[SPARK-3361] Expand PEP 8 checks to include EC2 script and Python examples

This PR resolves [SPARK-3361](https://issues.apache.org/jira/browse/SPARK-3361) by expanding the PEP 8 checks to cover the remaining Python code base: * The EC2 script * All Python / PySpark examples Author: Nicholas Chammas <nicholas.chammas@gmail.com> Closes #2297 from nchammas/pep8-rulez and squashes the following commits: 1e5ac9a [Nicholas Chammas] PEP 8 fixes to Python examples c3dbeff [Nicholas Chammas] PEP 8 fixes to EC2 script 65ef6e8 [Nicholas Chammas] expand PEP 8 checks
author: Nicholas Chammas <nicholas.chammas@gmail.com> 2014-09-05 23:08:54 -0700
committer: Reynold Xin <rxin@apache.org> 2014-09-05 23:08:54 -0700
commit: 9422c4ee0eaf4a32d2ed7c96799feac2f5f79d40 (patch)
tree: 53000806a143eac041be4ad0f84a137f93e43bd3
parent: 19f61c165932059e7ce156da2c71429fa8dc27f0 (diff)
download: spark-9422c4ee0eaf4a32d2ed7c96799feac2f5f79d40.tar.gz
spark-9422c4ee0eaf4a32d2ed7c96799feac2f5f79d40.tar.bz2
spark-9422c4ee0eaf4a32d2ed7c96799feac2f5f79d40.zip
12 files changed, 79 insertions, 53 deletions
diff --git a/dev/lint-python b/dev/lint-python
index a1e890faa8..79bf70f0b8 100755
--- a/dev/lint-python
+++ b/dev/lint-python
@@ -30,6 +30,7 @@ cd $SPARK_ROOT_DIR
 #+  - Download this from a more reliable source. (GitHub raw can be flaky, apparently. (?))
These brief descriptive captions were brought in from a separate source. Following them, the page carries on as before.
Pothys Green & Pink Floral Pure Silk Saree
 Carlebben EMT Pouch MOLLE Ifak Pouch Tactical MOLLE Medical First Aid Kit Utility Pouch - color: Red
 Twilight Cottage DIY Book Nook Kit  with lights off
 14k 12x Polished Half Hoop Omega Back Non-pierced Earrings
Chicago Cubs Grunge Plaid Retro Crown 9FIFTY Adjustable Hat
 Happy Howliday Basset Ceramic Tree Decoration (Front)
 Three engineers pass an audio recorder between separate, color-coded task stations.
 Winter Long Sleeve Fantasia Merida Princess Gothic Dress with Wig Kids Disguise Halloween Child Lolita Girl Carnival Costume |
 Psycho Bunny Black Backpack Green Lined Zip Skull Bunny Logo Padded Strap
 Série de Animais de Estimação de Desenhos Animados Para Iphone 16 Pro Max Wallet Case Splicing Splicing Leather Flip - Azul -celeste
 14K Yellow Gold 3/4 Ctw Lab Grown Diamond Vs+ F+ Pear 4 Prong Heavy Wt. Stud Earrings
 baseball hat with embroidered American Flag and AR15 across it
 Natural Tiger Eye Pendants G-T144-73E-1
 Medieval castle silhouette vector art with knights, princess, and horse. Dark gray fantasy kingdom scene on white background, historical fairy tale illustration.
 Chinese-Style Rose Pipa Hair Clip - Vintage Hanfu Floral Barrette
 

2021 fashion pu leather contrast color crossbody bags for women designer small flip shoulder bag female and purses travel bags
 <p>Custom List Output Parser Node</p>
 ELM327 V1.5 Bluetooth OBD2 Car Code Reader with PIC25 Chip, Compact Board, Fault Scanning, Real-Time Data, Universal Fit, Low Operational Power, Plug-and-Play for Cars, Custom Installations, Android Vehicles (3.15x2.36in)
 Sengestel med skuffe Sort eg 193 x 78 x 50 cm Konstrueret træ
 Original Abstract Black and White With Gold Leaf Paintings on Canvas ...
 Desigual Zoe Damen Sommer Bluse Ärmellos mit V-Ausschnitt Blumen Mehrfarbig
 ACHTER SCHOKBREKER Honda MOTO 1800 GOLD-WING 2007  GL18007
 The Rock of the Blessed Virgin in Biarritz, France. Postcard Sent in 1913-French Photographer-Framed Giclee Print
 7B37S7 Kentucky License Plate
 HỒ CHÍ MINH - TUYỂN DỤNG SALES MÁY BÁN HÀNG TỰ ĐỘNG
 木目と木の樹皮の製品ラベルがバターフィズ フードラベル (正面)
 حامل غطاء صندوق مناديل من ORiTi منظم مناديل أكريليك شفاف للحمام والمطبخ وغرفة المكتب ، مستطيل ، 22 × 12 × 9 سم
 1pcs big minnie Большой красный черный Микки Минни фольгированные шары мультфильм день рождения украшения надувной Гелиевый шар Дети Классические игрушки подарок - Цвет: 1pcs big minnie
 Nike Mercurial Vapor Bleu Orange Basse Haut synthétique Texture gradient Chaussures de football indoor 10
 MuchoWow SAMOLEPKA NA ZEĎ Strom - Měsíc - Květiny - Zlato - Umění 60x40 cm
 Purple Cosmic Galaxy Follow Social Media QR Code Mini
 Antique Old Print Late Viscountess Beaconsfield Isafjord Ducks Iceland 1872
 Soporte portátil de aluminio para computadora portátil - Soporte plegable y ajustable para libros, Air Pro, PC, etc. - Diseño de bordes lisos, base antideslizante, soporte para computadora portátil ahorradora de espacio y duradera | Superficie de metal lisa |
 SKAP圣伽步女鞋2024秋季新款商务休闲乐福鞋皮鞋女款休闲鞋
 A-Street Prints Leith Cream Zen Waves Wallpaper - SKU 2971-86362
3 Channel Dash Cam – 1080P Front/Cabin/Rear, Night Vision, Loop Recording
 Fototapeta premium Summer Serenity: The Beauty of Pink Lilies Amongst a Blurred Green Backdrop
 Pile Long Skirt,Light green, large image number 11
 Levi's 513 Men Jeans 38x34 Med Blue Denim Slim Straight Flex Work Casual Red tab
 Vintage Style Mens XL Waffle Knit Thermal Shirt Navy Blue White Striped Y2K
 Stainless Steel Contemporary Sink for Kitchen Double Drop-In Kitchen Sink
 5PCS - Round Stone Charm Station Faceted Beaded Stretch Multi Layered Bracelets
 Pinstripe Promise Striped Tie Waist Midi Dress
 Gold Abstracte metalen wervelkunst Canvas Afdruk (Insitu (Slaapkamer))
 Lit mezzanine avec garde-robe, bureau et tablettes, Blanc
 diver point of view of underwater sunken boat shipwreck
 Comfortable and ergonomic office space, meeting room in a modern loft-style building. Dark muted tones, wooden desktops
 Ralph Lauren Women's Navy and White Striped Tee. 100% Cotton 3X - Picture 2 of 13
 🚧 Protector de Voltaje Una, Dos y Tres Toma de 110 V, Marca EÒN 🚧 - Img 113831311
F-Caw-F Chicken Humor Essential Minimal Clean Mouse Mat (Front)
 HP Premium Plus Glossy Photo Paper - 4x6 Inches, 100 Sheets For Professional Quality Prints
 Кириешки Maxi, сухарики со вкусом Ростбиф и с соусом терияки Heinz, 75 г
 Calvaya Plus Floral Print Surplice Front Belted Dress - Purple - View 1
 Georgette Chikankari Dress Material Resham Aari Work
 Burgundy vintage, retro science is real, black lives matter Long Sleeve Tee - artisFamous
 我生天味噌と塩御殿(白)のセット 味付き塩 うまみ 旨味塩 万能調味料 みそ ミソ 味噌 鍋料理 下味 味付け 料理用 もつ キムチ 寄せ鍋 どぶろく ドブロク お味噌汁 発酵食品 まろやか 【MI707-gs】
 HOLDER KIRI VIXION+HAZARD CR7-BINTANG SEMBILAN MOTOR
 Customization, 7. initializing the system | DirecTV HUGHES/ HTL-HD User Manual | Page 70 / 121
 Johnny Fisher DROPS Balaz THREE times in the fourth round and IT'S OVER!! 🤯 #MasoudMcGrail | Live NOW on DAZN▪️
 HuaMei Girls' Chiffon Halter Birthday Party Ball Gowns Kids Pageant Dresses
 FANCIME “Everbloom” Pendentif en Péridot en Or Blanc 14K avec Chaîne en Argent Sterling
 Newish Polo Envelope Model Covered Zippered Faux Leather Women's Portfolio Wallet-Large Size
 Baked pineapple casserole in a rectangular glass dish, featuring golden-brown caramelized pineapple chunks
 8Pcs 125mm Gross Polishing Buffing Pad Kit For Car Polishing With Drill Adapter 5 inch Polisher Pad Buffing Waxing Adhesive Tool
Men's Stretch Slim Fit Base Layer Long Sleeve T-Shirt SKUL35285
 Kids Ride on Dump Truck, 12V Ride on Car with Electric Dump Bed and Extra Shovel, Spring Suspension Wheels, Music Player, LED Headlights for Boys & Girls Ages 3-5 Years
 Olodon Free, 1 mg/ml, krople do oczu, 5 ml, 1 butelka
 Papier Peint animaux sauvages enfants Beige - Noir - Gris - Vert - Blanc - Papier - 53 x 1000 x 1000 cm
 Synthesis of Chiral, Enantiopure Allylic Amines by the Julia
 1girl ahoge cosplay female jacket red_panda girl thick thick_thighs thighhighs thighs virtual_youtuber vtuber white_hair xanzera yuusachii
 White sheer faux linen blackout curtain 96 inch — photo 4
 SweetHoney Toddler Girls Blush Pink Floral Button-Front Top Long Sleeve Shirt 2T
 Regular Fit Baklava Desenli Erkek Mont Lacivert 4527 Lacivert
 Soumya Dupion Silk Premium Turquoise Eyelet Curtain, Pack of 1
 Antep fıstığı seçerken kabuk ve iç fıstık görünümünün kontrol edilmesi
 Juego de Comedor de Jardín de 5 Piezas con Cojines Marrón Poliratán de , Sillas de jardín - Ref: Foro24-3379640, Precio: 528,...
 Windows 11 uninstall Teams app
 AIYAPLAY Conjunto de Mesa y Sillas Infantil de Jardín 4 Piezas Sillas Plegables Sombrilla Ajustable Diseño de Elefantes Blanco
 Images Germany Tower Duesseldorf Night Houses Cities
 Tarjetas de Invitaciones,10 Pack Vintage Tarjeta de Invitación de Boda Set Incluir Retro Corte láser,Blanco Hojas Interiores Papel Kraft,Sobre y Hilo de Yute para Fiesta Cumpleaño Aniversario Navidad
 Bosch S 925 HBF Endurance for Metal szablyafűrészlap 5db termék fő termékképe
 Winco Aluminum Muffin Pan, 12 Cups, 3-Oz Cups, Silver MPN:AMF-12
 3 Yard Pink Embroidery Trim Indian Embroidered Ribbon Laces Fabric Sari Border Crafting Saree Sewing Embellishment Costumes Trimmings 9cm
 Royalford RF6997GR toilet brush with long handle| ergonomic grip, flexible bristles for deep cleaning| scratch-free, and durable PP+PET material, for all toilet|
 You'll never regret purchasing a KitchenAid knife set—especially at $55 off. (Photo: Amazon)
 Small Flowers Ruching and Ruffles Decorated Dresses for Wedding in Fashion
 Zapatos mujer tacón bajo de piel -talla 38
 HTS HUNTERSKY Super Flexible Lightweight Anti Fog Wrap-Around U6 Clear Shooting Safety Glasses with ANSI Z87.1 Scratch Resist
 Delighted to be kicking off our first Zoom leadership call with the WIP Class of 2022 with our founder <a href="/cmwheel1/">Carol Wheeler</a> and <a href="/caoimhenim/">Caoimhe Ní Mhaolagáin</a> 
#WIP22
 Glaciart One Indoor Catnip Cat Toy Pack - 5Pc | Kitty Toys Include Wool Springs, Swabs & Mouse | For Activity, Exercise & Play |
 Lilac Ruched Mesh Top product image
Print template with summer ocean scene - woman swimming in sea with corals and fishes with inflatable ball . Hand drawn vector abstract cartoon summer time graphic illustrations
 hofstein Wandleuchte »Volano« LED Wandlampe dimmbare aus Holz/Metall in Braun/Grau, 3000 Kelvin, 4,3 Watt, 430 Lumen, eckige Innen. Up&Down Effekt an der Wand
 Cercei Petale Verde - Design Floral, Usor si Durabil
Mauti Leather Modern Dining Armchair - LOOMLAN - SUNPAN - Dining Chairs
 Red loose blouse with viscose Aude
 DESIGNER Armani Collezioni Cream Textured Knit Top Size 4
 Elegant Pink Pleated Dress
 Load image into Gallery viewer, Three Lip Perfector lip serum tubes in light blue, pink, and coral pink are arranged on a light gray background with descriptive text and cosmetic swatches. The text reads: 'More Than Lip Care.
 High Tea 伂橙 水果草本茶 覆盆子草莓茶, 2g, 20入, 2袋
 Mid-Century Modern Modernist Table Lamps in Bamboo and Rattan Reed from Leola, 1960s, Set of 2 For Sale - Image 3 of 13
 PEP8_SCRIPT_PATH="$SPARK_ROOT_DIR/dev/pep8.py"
 PEP8_SCRIPT_REMOTE_PATH="https://raw.githubusercontent.com/jcrocholl/pep8/1.5.7/pep8.py"
+PEP8_PATHS_TO_CHECK="./python/pyspark/ ./ec2/spark_ec2.py ./examples/src/main/python/"
 
 curl --silent -o "$PEP8_SCRIPT_PATH" "$PEP8_SCRIPT_REMOTE_PATH"    
 curl_status=$?
@@ -44,7 +45,7 @@ fi
 #+ first, but we do so so that the check status can
 #+ be output before the report, like with the
 #+ scalastyle and RAT checks.
-python $PEP8_SCRIPT_PATH ./python/pyspark > "$PEP8_REPORT_PATH"
+python $PEP8_SCRIPT_PATH $PEP8_PATHS_TO_CHECK > "$PEP8_REPORT_PATH"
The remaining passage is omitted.